In the last few days, I have been participating at the Dun & Bradstreet Commercial Credit and Collections conferences.
One issue that has featured prominently in the discussion has been the position of the consumer or household sector. The so-called ‘cautious consumer’ is a feature of the Australian economy in the last couple of years which has contributed to very weak credit growth and an uptick in consumer financial stress.
These dynamics were seen to sit oddly with the general assessment that the Australian consumer and the household sector are in fine financial fettle.
A cold, hard examination of the data shows that household savings are being accumulated at a rapid rate, wealth is growing and in the March quarter it reached a record high, the household debt to income ratio is steadily falling as consumers continue to overpay their monthly mortgage requirements and we are about to clock up a thirteenth year where wages growth has exceeded the rate of inflation.
There are some consequences from these dynamics for the economy. By definition, higher savings means less consumption spending and the declining debt ratios mean weak growth in borrowing and again, weaker economic activity and slower asset price gains.
The economy has been feeling this in the economic data over the past six months or so which shows only a moderate lift in household consumption expenditure, a marginally positive level for consumer sentiment and only moderate trend growth in retail spending.

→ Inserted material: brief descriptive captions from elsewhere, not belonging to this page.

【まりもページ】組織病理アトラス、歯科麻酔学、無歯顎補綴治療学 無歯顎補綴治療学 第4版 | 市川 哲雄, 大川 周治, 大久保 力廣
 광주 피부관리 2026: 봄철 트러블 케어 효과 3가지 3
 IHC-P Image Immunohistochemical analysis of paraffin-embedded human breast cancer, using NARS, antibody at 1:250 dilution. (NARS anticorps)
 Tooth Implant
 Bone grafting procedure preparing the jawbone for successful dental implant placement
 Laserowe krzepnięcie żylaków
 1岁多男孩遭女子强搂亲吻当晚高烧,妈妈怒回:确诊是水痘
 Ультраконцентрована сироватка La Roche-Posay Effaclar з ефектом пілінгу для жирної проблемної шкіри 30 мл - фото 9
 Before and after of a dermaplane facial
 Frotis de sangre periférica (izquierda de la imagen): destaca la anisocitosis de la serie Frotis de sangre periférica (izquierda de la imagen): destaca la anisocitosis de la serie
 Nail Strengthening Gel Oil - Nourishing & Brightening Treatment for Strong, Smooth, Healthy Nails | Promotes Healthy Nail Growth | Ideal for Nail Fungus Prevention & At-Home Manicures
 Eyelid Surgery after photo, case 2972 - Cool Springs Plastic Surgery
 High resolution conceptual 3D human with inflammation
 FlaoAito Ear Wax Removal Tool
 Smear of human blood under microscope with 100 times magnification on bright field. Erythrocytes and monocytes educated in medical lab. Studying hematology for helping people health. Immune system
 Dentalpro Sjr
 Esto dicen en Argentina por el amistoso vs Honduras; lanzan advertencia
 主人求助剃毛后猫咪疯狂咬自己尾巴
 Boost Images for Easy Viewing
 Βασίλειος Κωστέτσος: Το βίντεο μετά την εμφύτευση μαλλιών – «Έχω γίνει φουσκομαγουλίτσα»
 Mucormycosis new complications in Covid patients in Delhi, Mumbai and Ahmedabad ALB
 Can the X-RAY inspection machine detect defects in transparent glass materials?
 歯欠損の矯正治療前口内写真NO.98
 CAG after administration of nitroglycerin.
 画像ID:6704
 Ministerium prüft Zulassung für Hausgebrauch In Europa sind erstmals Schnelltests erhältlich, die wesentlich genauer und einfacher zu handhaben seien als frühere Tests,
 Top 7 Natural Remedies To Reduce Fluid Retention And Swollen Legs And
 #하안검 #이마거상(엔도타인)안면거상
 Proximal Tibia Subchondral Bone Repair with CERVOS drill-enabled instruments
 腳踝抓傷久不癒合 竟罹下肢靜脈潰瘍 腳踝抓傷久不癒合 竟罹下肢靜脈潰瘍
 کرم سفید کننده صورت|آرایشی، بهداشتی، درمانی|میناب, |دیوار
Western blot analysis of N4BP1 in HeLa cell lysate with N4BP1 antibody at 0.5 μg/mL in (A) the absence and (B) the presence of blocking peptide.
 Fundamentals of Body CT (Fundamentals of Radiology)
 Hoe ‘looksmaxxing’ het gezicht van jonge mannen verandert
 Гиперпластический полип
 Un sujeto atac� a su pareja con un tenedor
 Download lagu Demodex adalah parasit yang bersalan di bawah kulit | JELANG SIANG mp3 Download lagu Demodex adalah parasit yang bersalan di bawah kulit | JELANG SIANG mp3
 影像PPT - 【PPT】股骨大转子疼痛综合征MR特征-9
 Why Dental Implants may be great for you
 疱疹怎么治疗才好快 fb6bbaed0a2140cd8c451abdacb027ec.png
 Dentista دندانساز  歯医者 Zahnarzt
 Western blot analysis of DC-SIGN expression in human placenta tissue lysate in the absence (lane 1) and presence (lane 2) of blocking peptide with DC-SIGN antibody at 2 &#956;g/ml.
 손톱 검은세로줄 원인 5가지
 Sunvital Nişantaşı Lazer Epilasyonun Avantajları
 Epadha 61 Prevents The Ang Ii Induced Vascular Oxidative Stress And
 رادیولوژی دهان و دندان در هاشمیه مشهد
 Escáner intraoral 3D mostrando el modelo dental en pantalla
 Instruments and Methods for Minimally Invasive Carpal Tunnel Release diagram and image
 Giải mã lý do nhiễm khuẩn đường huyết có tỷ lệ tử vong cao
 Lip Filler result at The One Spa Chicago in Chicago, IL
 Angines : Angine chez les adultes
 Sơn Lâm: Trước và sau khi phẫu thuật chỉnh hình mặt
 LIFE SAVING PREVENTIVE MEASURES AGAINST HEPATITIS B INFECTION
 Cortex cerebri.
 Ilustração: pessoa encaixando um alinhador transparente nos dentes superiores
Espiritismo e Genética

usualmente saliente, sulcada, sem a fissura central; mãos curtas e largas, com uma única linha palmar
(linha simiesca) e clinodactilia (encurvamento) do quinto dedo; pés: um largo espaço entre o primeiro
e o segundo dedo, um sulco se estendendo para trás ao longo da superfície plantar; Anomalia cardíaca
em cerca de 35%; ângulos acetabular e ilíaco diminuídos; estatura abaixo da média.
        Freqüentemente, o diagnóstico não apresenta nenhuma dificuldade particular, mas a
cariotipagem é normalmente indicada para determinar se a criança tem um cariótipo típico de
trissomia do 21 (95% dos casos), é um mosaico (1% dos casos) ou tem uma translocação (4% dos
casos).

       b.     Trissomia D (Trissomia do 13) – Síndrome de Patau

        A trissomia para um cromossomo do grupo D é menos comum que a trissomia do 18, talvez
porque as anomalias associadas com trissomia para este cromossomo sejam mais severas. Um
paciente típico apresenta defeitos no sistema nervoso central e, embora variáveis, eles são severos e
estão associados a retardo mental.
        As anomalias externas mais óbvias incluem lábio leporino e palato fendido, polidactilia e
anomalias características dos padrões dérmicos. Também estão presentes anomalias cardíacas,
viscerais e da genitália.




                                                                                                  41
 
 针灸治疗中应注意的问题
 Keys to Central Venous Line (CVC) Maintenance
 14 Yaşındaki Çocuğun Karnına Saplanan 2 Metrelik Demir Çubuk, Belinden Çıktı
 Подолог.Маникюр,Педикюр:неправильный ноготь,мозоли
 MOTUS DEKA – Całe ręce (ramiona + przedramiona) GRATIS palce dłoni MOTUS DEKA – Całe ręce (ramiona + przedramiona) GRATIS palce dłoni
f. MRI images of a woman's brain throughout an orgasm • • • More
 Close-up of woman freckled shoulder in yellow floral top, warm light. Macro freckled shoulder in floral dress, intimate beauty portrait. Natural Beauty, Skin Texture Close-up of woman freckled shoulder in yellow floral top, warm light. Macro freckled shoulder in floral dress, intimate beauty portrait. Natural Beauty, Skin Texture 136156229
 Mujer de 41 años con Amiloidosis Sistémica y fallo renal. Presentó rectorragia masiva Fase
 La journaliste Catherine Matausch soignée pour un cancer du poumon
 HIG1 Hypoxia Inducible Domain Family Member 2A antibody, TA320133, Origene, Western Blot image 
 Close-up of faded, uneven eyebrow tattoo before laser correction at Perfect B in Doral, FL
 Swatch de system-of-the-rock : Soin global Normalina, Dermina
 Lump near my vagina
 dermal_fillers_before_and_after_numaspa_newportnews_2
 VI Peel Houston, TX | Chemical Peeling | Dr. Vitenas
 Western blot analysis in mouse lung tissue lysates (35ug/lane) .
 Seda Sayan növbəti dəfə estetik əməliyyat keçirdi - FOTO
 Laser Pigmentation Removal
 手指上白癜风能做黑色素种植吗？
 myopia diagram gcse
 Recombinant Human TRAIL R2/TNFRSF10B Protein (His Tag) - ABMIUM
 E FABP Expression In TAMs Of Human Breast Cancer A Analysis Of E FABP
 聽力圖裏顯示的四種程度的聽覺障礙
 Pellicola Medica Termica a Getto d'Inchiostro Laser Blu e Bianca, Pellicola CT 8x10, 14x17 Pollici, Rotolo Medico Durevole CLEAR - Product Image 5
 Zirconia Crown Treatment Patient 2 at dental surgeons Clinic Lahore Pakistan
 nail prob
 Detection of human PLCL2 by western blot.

These are key reasons contributing to the decision of the RBA to cut interest rates to record lows.
But the mix of lower debt, higher savings, and rising real wages means that consumers are increasingly ’cashed up’ to spend when circumstances permit.
They are ready to unleash a spending lift, when circumstances allow.
Looked at another way, if consumers have no savings, are up to their necks in debt and have real wages falling, it is very difficult to engineer a lift in consumer spending growth.
But with favourable dynamics in place, it is somewhat surprising that there is not a higher level of consumer sentiment and an earlier lift in consumption growth. Perhaps it is coming soon.
Like staring at a frog on a lily pad and waiting for it to jump, the RBA and government are looking at the consumer, noting these positive drivers of spending, and waiting for the jump in spending to show up. Whether there needs to be a further interest rate cut or two to prod consumer spending to a faster pace is something the RBA Board will spend considerable time debating at its next meeting on 2 August. This might be all it takes to get consumption growth back to a 3.5 per cent pace and with that, GDP growth back to 3 per cent or more.
One thing economists, including the elite in Treasury and the RBA, have trouble estimating is the lags between certain policy actions and events and their impact on the real economy. Normally, the current level of interest rates in concert with high savings and low debt would have already sparked a strong lift in household spending.
It still might but it seems to be taking longer than usual. The reasons for this lag are likely linked to the hang over from the global recession and some desire on the part of consumers to further consolidate their financial balance sheet in the wake of low interest rates, solid job creation and sustained increases in real wages.
That said, history shows that consumer spending patterns are open to a sudden and significant changes with the key question relating to when that change will occur.
Certainly the government will be hoping it happens sooner rather than later as stronger consumption will support tax revenue and see inflation lift back towards the middle of the RBA target band.
The RBA noted in the recently released minutes of the July Board meeting that “retail sales were flat in April, though the Bank's liaison contacts suggested that sales rose modestly in May and June”.
If this liaison is reflected in the upcoming data on retail sales and then consumption, we might be in the early stages of a moderate lift in household spending and with it a stronger growth trajectory. It will go a long way to fill the void left by the almost certain slide in mining investment and propel the economy into the 22nd and 23rd year without a recession.